- _Assignment_: When you transcribe the listing that follows, keep every line exact and skip any picture.
[Data block Boundary: Start]
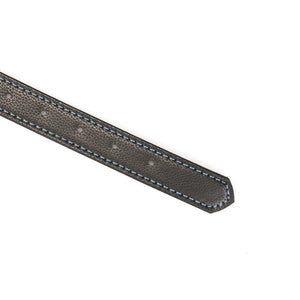 Menottes Denim LIEBE SEELE en cuir noir et textile bleu avec doublure intérieure, reliées par une chaîne métallique, présentées sur fond blanc en vue produit détaillée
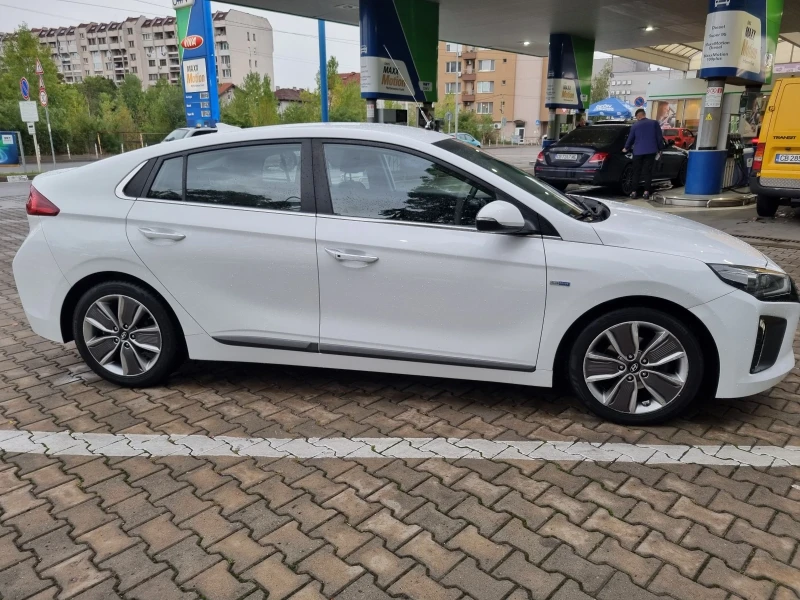 Hyundai Ioniq Hybrid, снимка 3 - Автомобили и джипове - 47477100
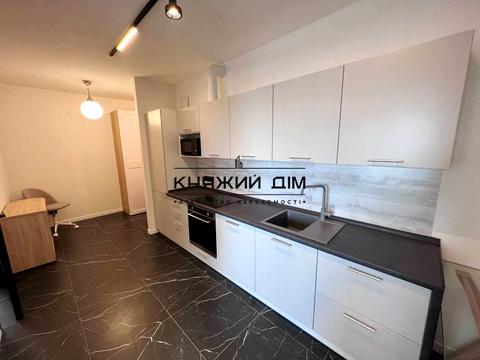 квартира за адресою Зарічна вул., 6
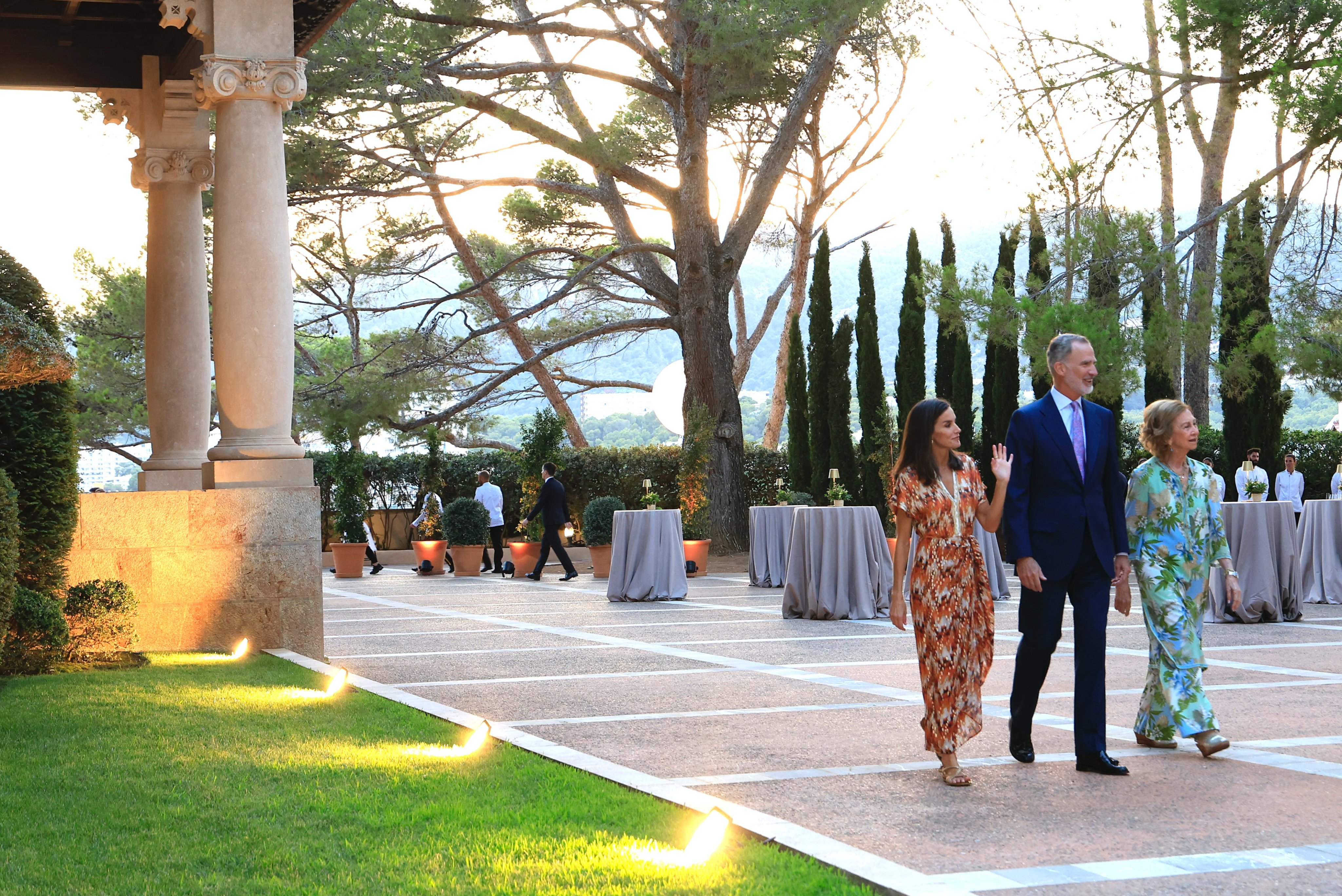 Reis Felipe e Letizia ao lado da rainha Sofia recebem a sociedade civil no palácio de Marivent, num evento com 600 convidados.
[Data block Boundary: End]
- _Reply to the task_:
 Menottes Denim LIEBE SEELE en cuir noir et textile bleu avec doublure intérieure, reliées par une chaîne métallique, présentées sur fond blanc en vue produit détaillée
 Hyundai Ioniq Hybrid, снимка 3 - Автомобили и джипове - 47477100
 квартира за адресою Зарічна вул., 6
 Reis Felipe e Letizia ao lado da rainha Sofia recebem a sociedade civil no palácio de Marivent, num evento com 600 convidados.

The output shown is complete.